## DATASET CONTENT
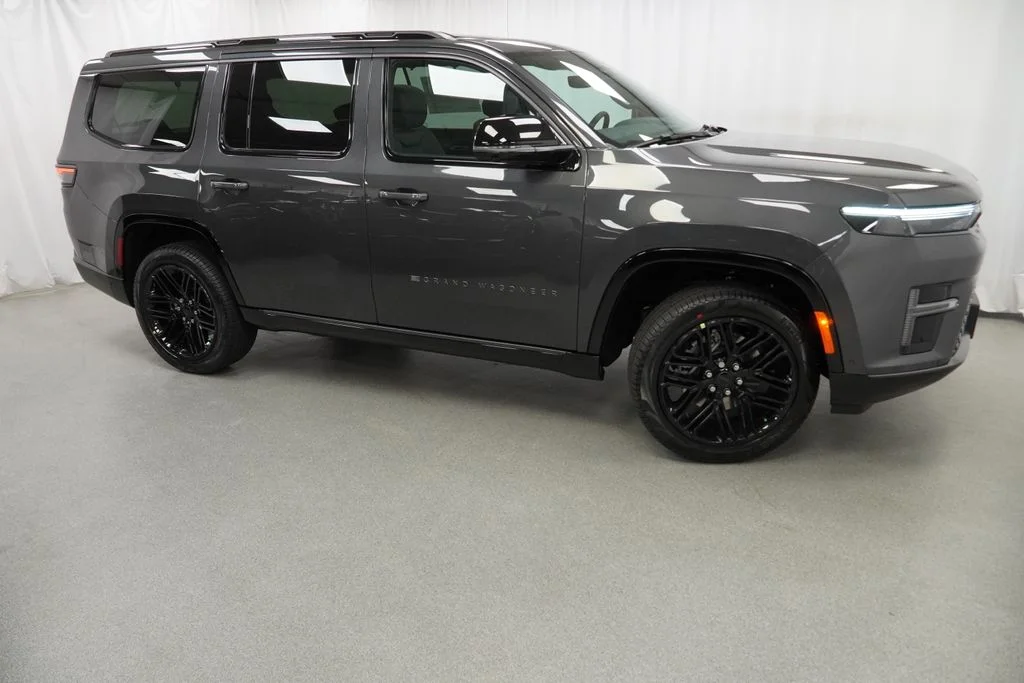 New 2026 Baltic Gray Metallic Clearcoat Jeep Limited Reserve image 9
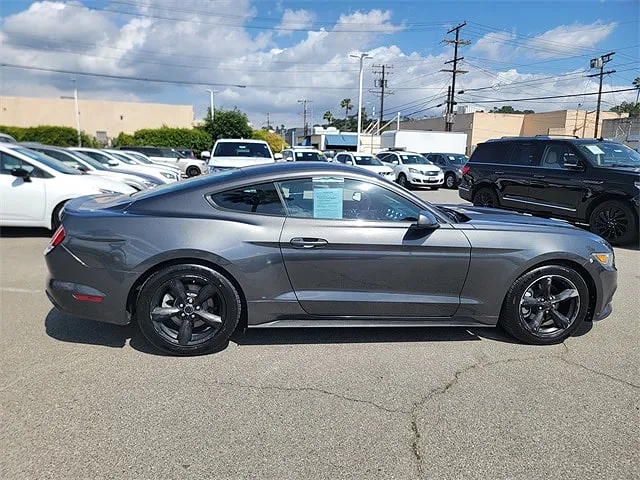 2017 Ford Mustang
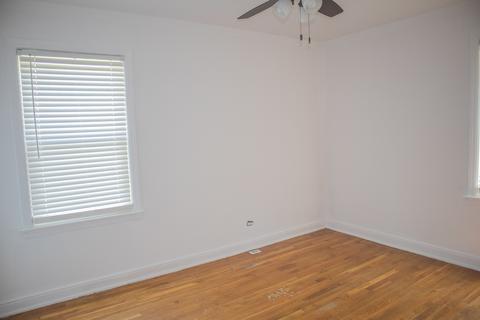 559 E 106th St, Chicago, IL 60628 photo 13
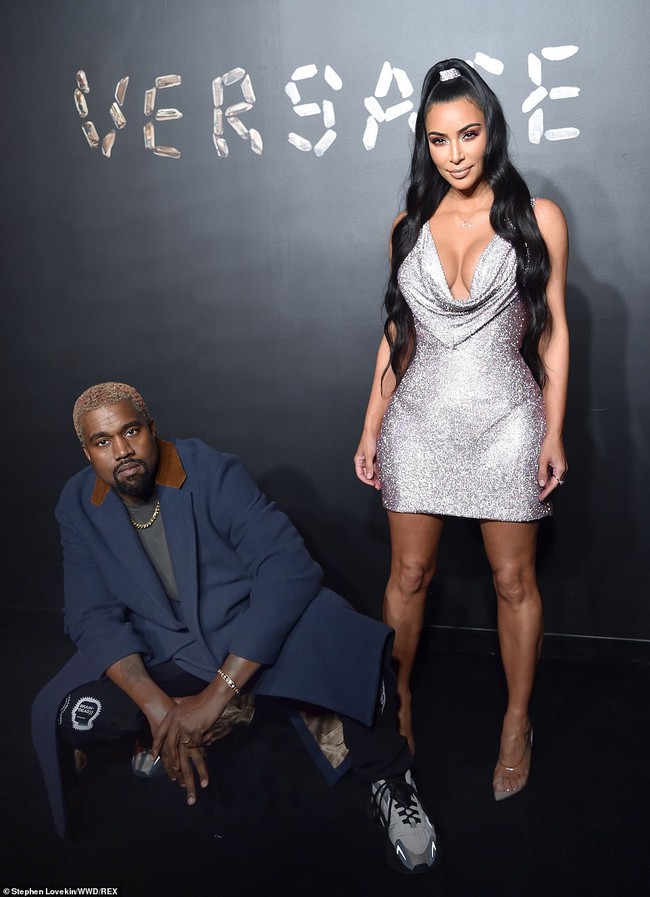 Kim Kardashian hút triệu like với ảnh gần như nude khoe lấp ló vòng 1 - Ảnh 3.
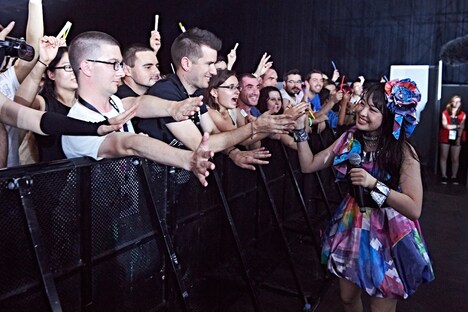 Cheeky Paradeによる「JAPAN EXPO 2016 in PARIS」でのライブの様子。（写真提供：エイベックス・ヴァンガード）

## TO DO
Set down exactly the lines of the entries above from the one holding "559 E 106th St, Chicago, IL 60628 photo 13" through the last one, including both, with the pictures left out.

## RESPONSE TO THIS EXERCISE
 559 E 106th St, Chicago, IL 60628 photo 13
 Kim Kardashian hút triệu like với ảnh gần như nude khoe lấp ló vòng 1 - Ảnh 3.
 Cheeky Paradeによる「JAPAN EXPO 2016 in PARIS」でのライブの様子。（写真提供：エイベックス・ヴァンガード）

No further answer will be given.